Hubo una pausa más larga que las anteriores. Por el prolongado tratamiento psiquiátrico a que me habían sometido en el manicomio, sabía yo que eso tenía un sentido, pero ignoraba cuál.

– Isabelita era una niña ejemplar -dijo finalmente con voz inexpresiva.

– ¿Por qué la expulsaron, si era ejemplar?

– Pregúntaselo a ella.

– Ya lo he hecho.

– Y no te satisfizo la respuesta.

– No hubo respuesta. Dijo que no se acordaba de nada.

– Lo creo -apostilló Mercedes con extraña sonrisa.

– A mí también me pareció sincera. Pero ha de haber algo más. Algo que todos saben y todos callan.

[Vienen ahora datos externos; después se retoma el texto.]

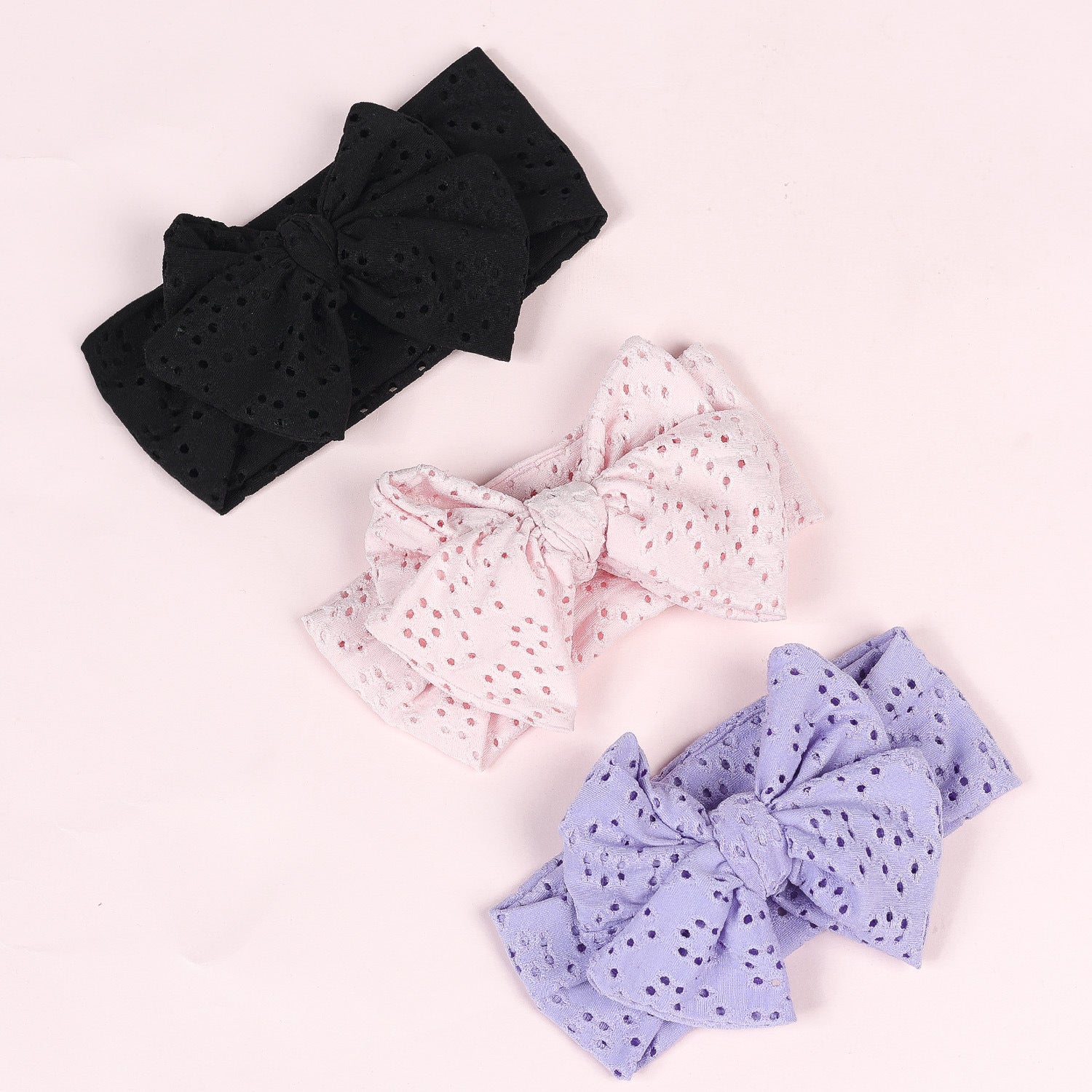 pastoral polka dots cloth bowknot hollow out hair band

– Sus razones tendrán, o tendremos, según me incluyas a mí en ese todos. ¿Por qué te interesa tanto saber lo que pasó? ¿Estás interesado en la reforma educativa?

– Isabel Peraplana desapareció del internado hace seis años en circunstancias inexplicables y en análogas circunstancias reapareció. Con tal motivo, según parece, fue expulsada del colegio y también lo fuiste tú, que eras su mejor amiga y, cabe inferir, confidente. No quiero aventurar conclusiones precipitadas, pero ya es hora de creer que ambas expulsiones guardan alguna relación y que las antedichas están íntimamente unidas a la desaparición transitoria de Isabelita. Todo esto, claro está, es agua pasada, de la que no mueve molino, y a mí, personalmente, me trae sin cuidado. Pero hace pocos días, no sé cuántos, porque he perdido ya la cuenta, pero pocos, desapareció otra niña. La policía me ha ofrecido la libertad si la encuentro y eso ya no me trae sin cuidado. Puedes aducir que a ti sí que te importa un ardite mi libertad, a lo que no podré oponer argumento alguno, pues así es la ley de la vida. Pero no puedo por menos que intentarlo. Apelaría al amor a la verdad y a la justicia y a otros valores absolutos si éstos fueran mi brújula, pero no sé mentir cuando se trata de principios. Si supiera, no sería una escoria como he sido toda mi vida. Acudo a usted no con la coacción ni con la promesa, porque sé que no puedo blandir lícitamente ni una cosa ni otra y tal proceder sería punto menos que ridículo si no ridículo. Le pido ayuda porque sólo eso puedo hacer, pedir, y porque es usted mi última esperanza. De su clemencia depende el buen fin de mis gestiones. Y no diré más. Sólo que he vuelto a tratarla de usted y no inadvertidamente, porque la presunta familiaridad con personas que por diversas razones están por encima de mí me hace sentir en desventaja.

– Lo siento -dijo ella con ceño fruncido, mirada intensa y respiración agitada-: tengo por norma no aceptar chantajes sentimentales. No hay trato. Son las once y media. A las doce pasa el último tren. Si sales ahora mismo, tienes tiempo sobrado de llegar a la estación. Te daré dinero para el billete, si no lo tomas a mal.

– Nunca tomo el dinero a mal -respondí yo-, pero no son las once y media, sino las doce y media. En la estación vi a qué hora pasaba el último tren y, previendo su reacción, atrasé el reloj una hora mientras estaba usted en la cocina. Deploro pagar con una vileza su hospitalidad, pero ya le he dicho que me va mucho en el juego. Discúlpeme.